Re: USA Elections: Candidates Comparison
Wasted seizes on an interesting point. Among the regulations adopted in the wake of the Great Depression were requirements that commercial banks could no longer be affiliated with investment banks. The idea was that we didn't want the risk-taking investment bankers to have access to grandma's savings accounts. In 1999, that regulation was lifted, and since then, a number of commercial banks have affiliated themselves with investment banks again. In the last couple of weeks, we have seen some mega-mergers (B of A acquiring Merrill Lynch, JPMorgan Chase acquiring Bear Stearns, and now there is talk of Wachovia merging with Morgan Stanley). Indeed, were it not for these mergers, in which the banks (with some aid from the Fed) effectively bailed out the more troubled investment banks, the financial sector of the economy would probably be hit much, much harder. Ironically, the result of these mega-mergers is to partly undo what the New Deal banking regulations sought to accomplish, namely, separating savings accounts from the broker-dealers. The banks themselves will no doubt remain separate entities, and will continue to be heavily regulated. One wonders, however, whether the next crisis will be a failure of regulators to prevent the Wall Street wheeler-dealers from investing Grandma's retirement savings in complicated Russian debt swaps.

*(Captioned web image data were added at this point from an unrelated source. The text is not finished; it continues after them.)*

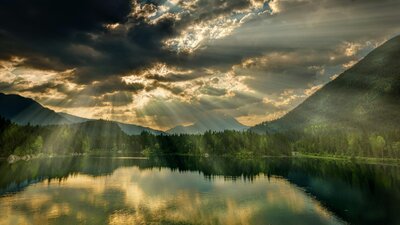 Psychedelic coaching for women ready to heal, grow, and reconnect. Get support, guidance, and custom journeys rooted in feminine wisdom and care.
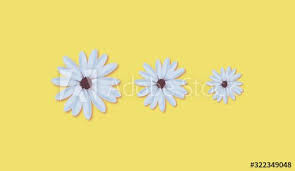 Maybe you would like to learn more about one of these? Daisy Flowers On Modern First Spring Yellow Background Yellow Background Art Color Palette Daisy Flower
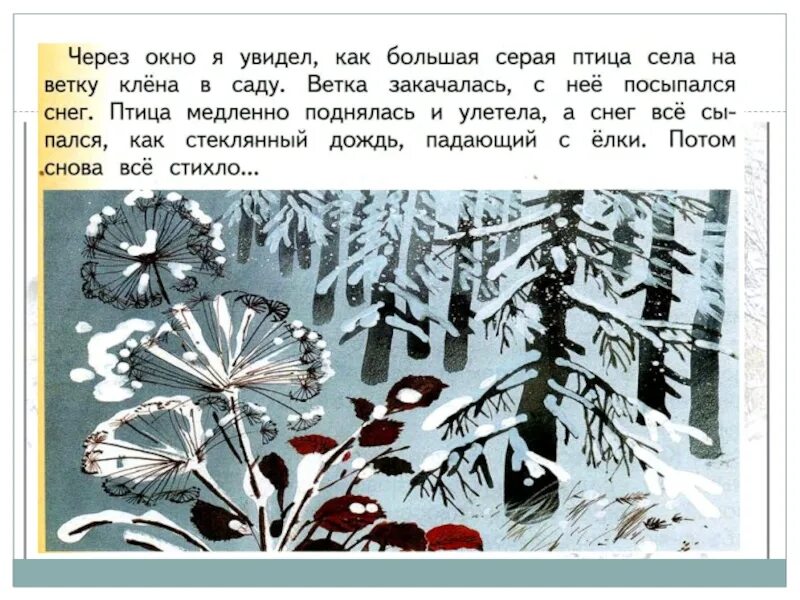 Первый зимний день Паустовский. Первый зимний день рассказ. Паустовский 1 зимний день. Паустовский первый снег.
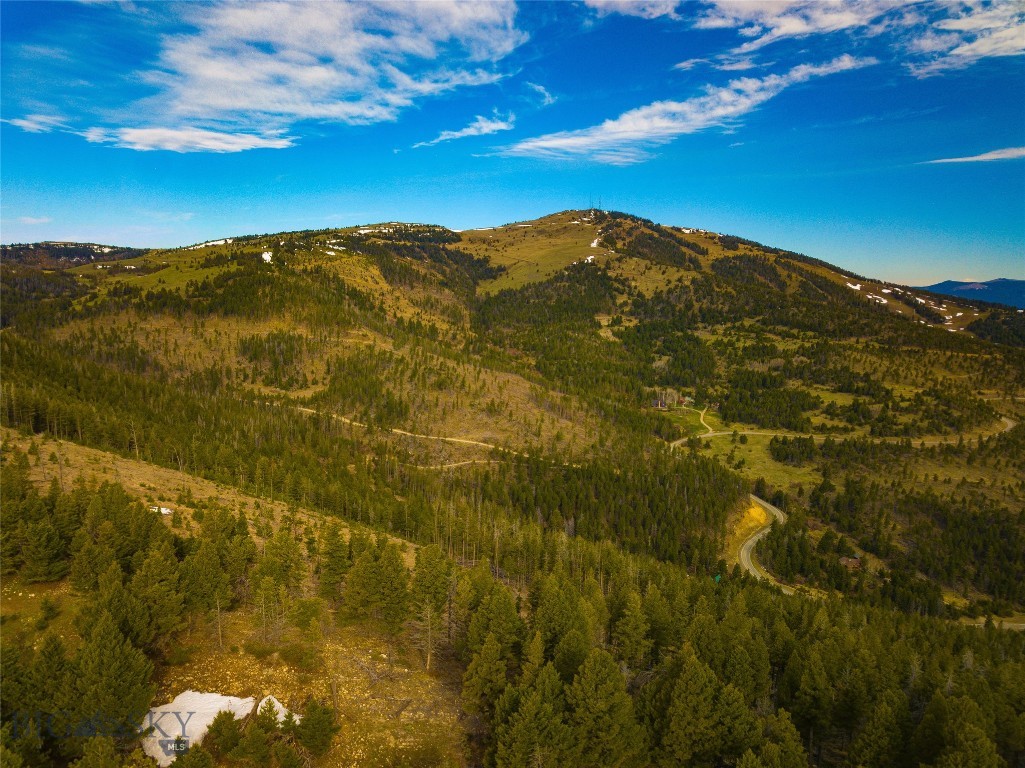 Tbd (58+/- Acres) Ottawa Gulch Road Property Photo 48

Turning back to the topic at hand, I haven't heard either presidential candidate demonstrate even a rudimentary understanding of these issues. Obama says he wants regulations, but what does that mean? McCain's suggestion that the problem is solely the result of "greed" is overly simplistic and seems to be an indictment of the fundamental tenet of capitalism, which PRESUMES profit maximizing behavior. Yet, he may be on to something, as executives who get $100+ million bonuses or stock gains based on performance over a one- or two-year span may not be properly incentivized to maximize the long-term profitability of the firm. (To quote Keynes, "In the long run, we're all dead.") Obama ridicules McCain, who at least admits he doesn't understand this stuff, for his proposal to get a bunch of sophisticated people to study the underlying causes and problems and recommend a regulatory structure. This does have a whiff of letting the fox guard the henhouse, but maybe it's not a bad idea. I think that the financial guys are going to understand where they went wrong better than the junior Senator from Illinois. Apart from generally understanding that these banks invested too heavily in bad loans, I have not heard any explanation as to exactly why and how the market failed to avoid this problem or what could have been done to prevent it. Anybody with a mutual fund knows that diversifying your portfolio is important, but even with diverse investments, the Wall Street firms didn't realize that they were so overextended in these risky mortgage investments that, if the bottom dropped out, they'd go bankrupt. [EDIT: If they did realize this, and took the risk anyway, then why the fuck is the government bailing them out?] If they couldn't figure it out, I'm not sure a bureaucrat could have figured it out.